_Supplied material:_
- - -
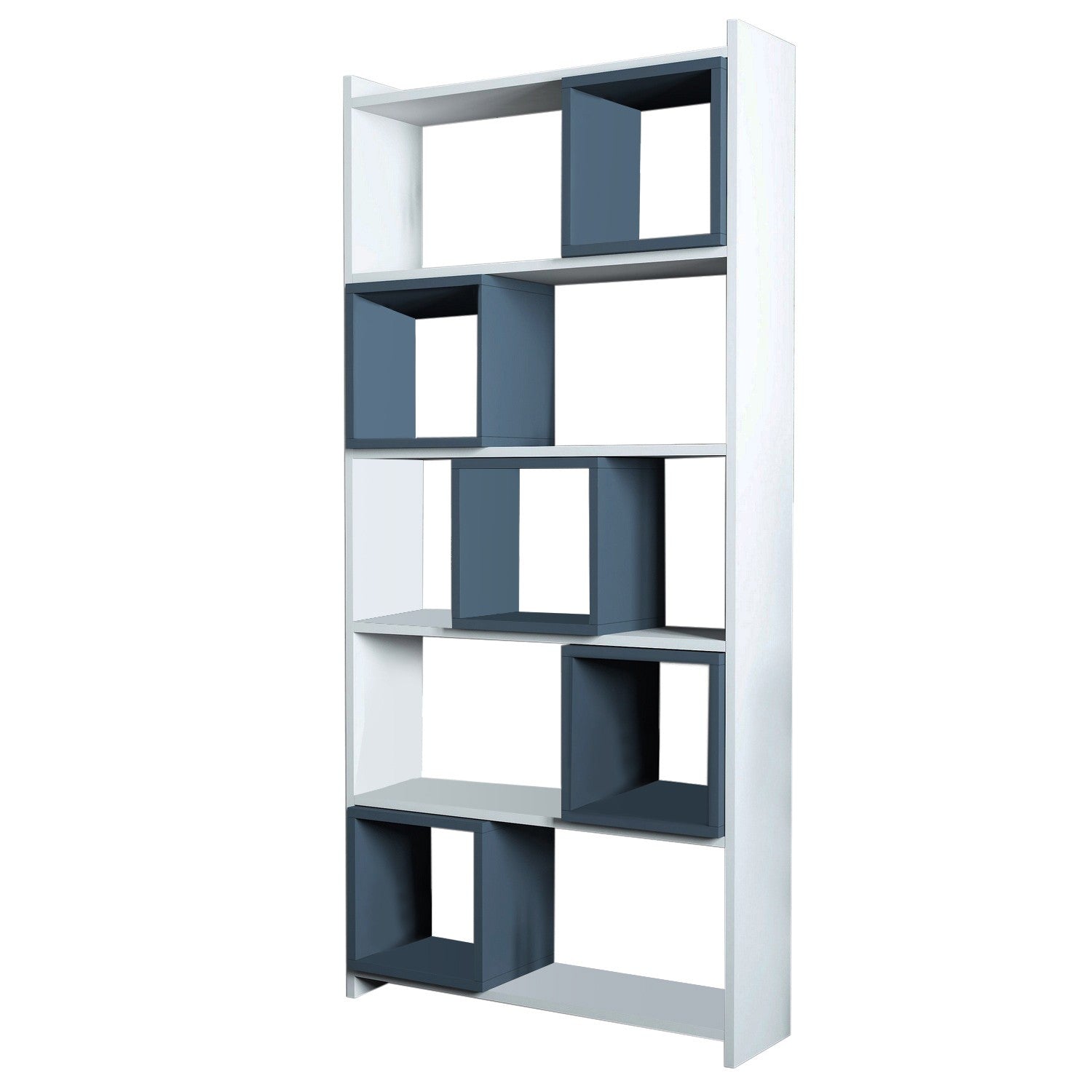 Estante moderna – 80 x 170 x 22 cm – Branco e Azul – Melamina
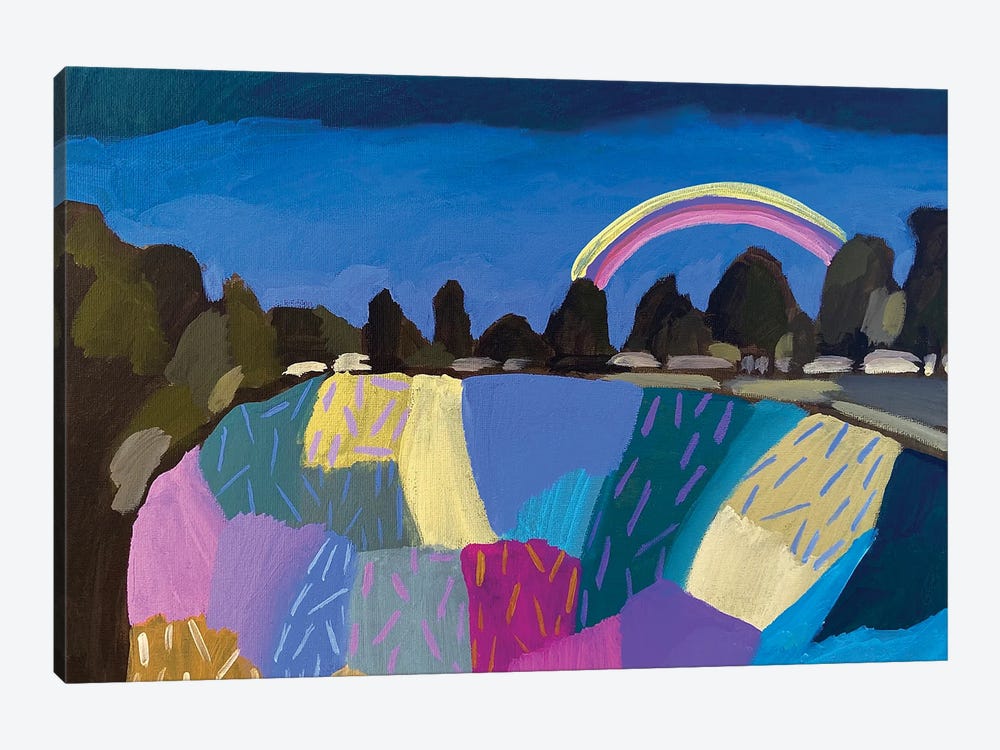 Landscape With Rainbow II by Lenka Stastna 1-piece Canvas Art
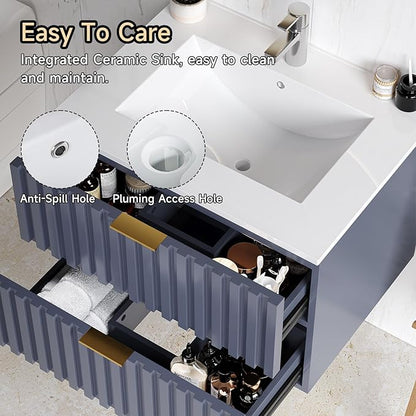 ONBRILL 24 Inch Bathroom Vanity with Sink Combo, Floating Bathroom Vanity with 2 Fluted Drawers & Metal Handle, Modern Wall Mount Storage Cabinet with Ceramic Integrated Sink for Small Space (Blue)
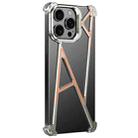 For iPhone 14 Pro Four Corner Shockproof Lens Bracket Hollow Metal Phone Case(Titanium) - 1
- - -
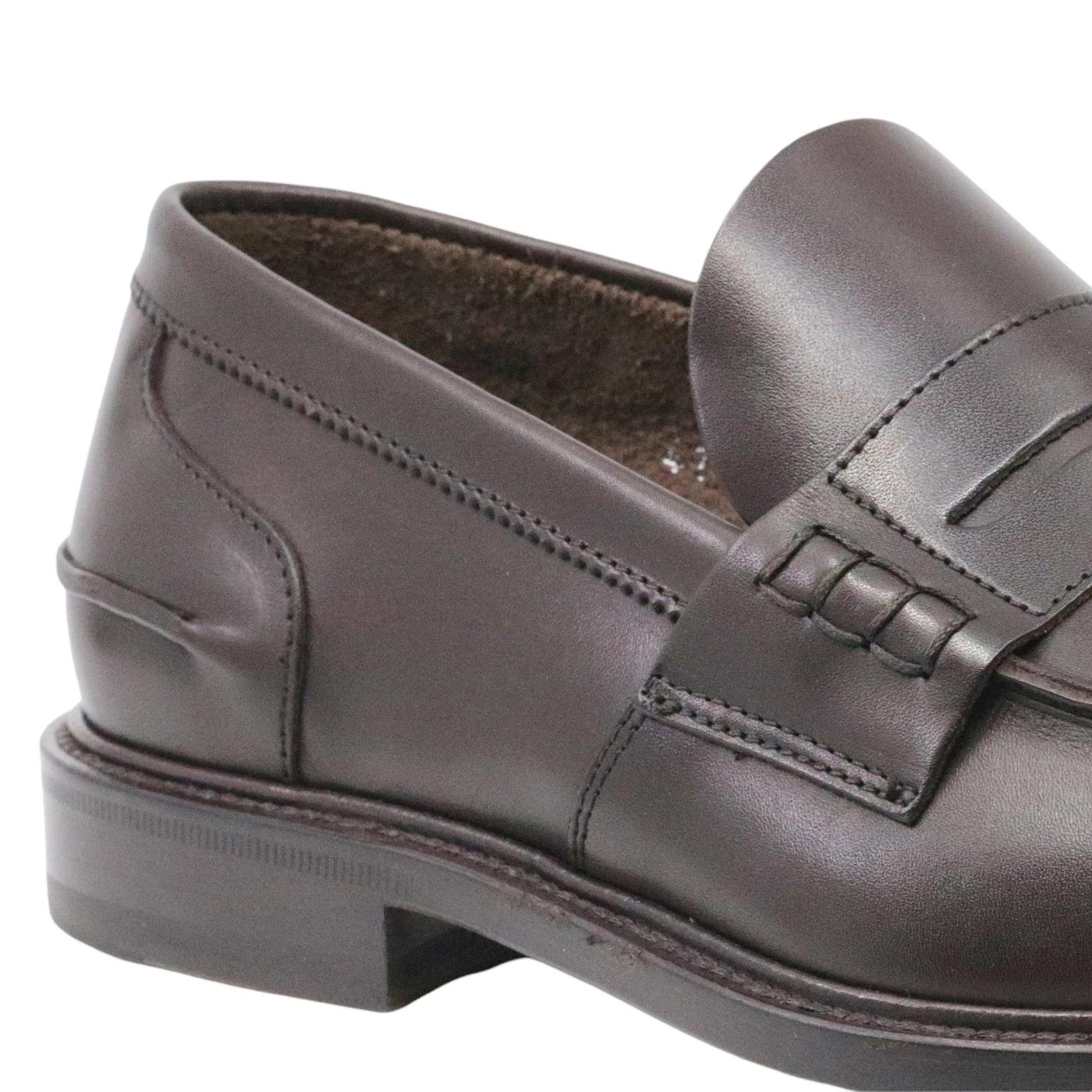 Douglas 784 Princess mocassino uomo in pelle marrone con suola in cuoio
- - -
When copying from the data above, begin at the line containing "Estante moderna –" and end at the line containing "ONBRILL 24 Inch"; return those lines exactly and leave all pictures behind.

_Task output:_
 Estante moderna – 80 x 170 x 22 cm – Branco e Azul – Melamina
 Landscape With Rainbow II by Lenka Stastna 1-piece Canvas Art
 ONBRILL 24 Inch Bathroom Vanity with Sink Combo, Floating Bathroom Vanity with 2 Fluted Drawers & Metal Handle, Modern Wall Mount Storage Cabinet with Ceramic Integrated Sink for Small Space (Blue)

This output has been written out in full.